Task: Write out the data that follows exactly, keeping every picture out.
(Provided data)
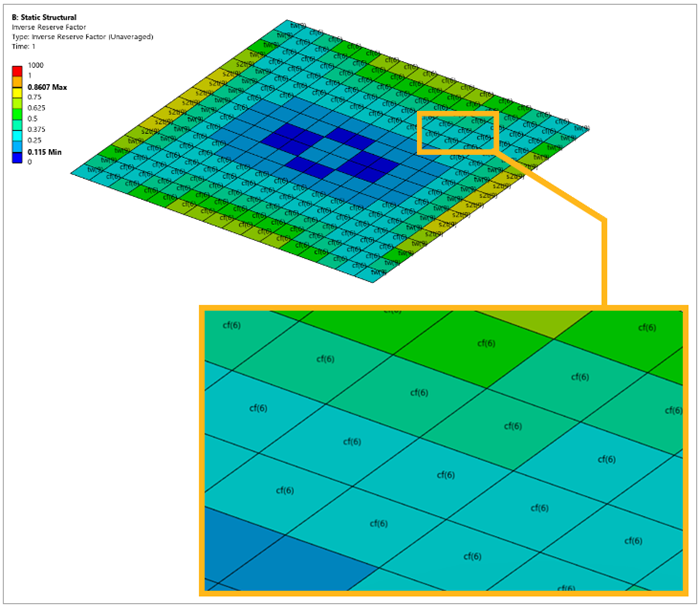 IRF Value, Text Plot for Each Element, and Zoom on Area (Tutorial 1)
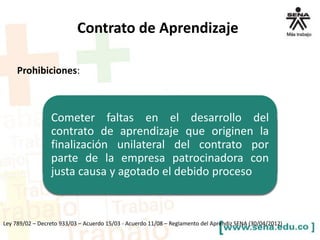 Prohibiciones:
Ley 789/02 – Decreto 933/03 – Acuerdo 15/03 - Acuerdo 11/08 – Reglamento del Aprendiz SENA (30/04/2012)
Contrato de Aprendizaje
Incumplir con las entrevistas o procesos de
selección a los que ha sido citado por las
empresas patrocinadoras para la
consecución de su contrato de aprendizaje
Incumplir con la presentación de
documentos establecidos en el SGVA y los
emitidos por la oficina de Relaciones
Corporativas del Centro SENA, para
acceder al contrato de aprendizaje
Firmar contratos de aprendizaje sin realizar
la gestión a través del aplicativo SGVA , o
sin encontrarse registrado como aprendiz
disponible en dicha plataforma
Terminar unilateralmente y/o renunciar al
contrato de aprendizaje, sin el visto bueno
del empleador y del SENA
Cometer faltas en el desarrollo del
contrato de aprendizaje que originen la
finalización unilateral del contrato por
parte de la empresa patrocinadora con
justa causa y agotado el debido proceso
 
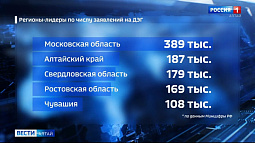 Алтайский край занял второе место в России по числу дистанционно голосующих избирателей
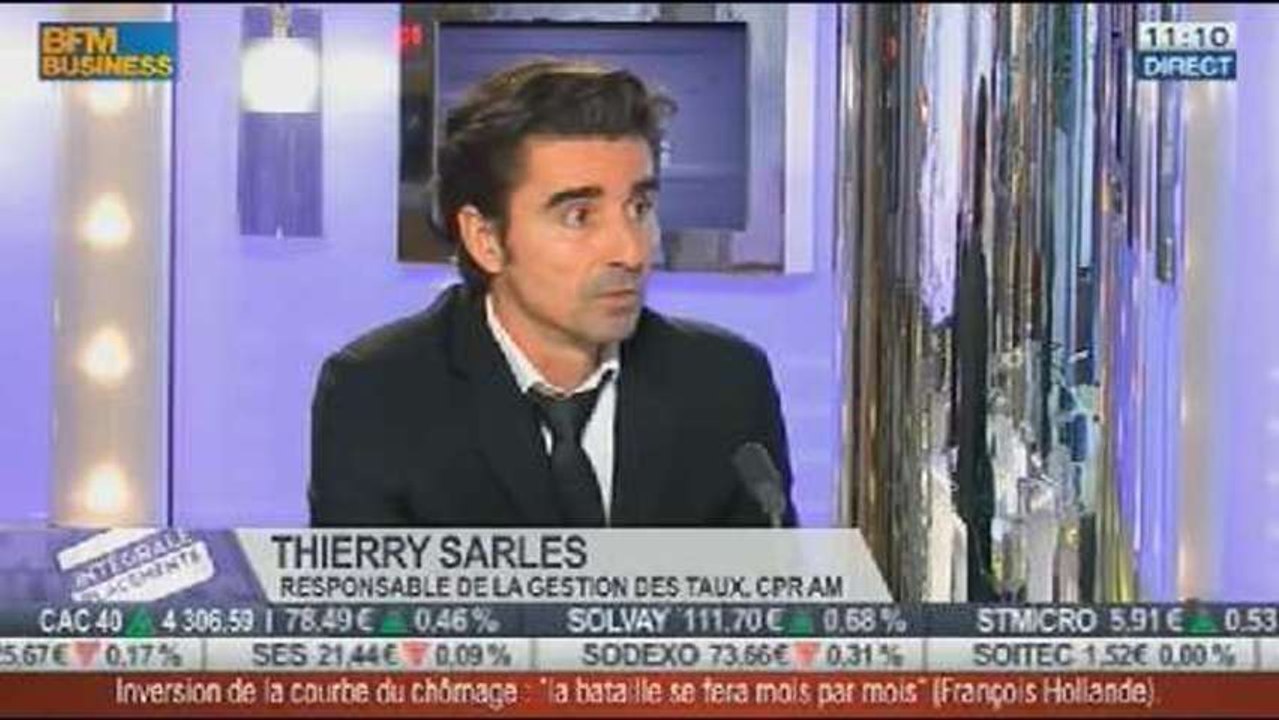 Jean Borjeix VS Thierry Sarles: Possible ralentissement du quantitative easing de la FED, dans Intégrale Placements – 28/11 1/2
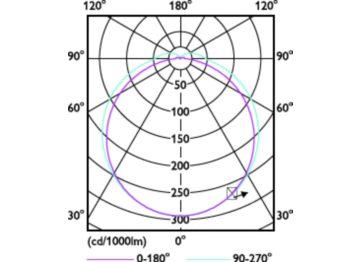 Light Distribution Diagram - 5PL-S/LED/13H/840/IF5/P/2P 20/1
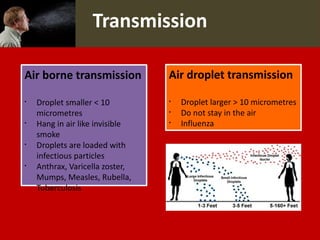 Transmission
Air borne transmission
§
Droplet smaller < 10
micrometres
§
Hang in air like invisible
smoke
§
Droplets are loaded with
infectious particles
§
Anthrax, Varicella zoster,
Mumps, Measles, Rubella,
Tuberculosis
Air droplet transmission
§
Droplet larger > 10 micrometres
§
Do not stay in the air
§
Influenza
(End Provided data)
Solution:
 IRF Value, Text Plot for Each Element, and Zoom on Area (Tutorial 1)
 Prohibiciones:
Ley 789/02 – Decreto 933/03 – Acuerdo 15/03 - Acuerdo 11/08 – Reglamento del Aprendiz SENA (30/04/2012)
Contrato de Aprendizaje
Incumplir con las entrevistas o procesos de
selección a los que ha sido citado por las
empresas patrocinadoras para la
consecución de su contrato de aprendizaje
Incumplir con la presentación de
documentos establecidos en el SGVA y los
emitidos por la oficina de Relaciones
Corporativas del Centro SENA, para
acceder al contrato de aprendizaje
Firmar contratos de aprendizaje sin realizar
la gestión a través del aplicativo SGVA , o
sin encontrarse registrado como aprendiz
disponible en dicha plataforma
Terminar unilateralmente y/o renunciar al
contrato de aprendizaje, sin el visto bueno
del empleador y del SENA
Cometer faltas en el desarrollo del
contrato de aprendizaje que originen la
finalización unilateral del contrato por
parte de la empresa patrocinadora con
justa causa y agotado el debido proceso
 
 Алтайский край занял второе место в России по числу дистанционно голосующих избирателей
 Jean Borjeix VS Thierry Sarles: Possible ralentissement du quantitative easing de la FED, dans Intégrale Placements – 28/11 1/2
 Light Distribution Diagram - 5PL-S/LED/13H/840/IF5/P/2P 20/1
 Transmission
Air borne transmission
§
Droplet smaller < 10
micrometres
§
Hang in air like invisible
smoke
§
Droplets are loaded with
infectious particles
§
Anthrax, Varicella zoster,
Mumps, Measles, Rubella,
Tuberculosis
Air droplet transmission
§
Droplet larger > 10 micrometres
§
Do not stay in the air
§
Influenza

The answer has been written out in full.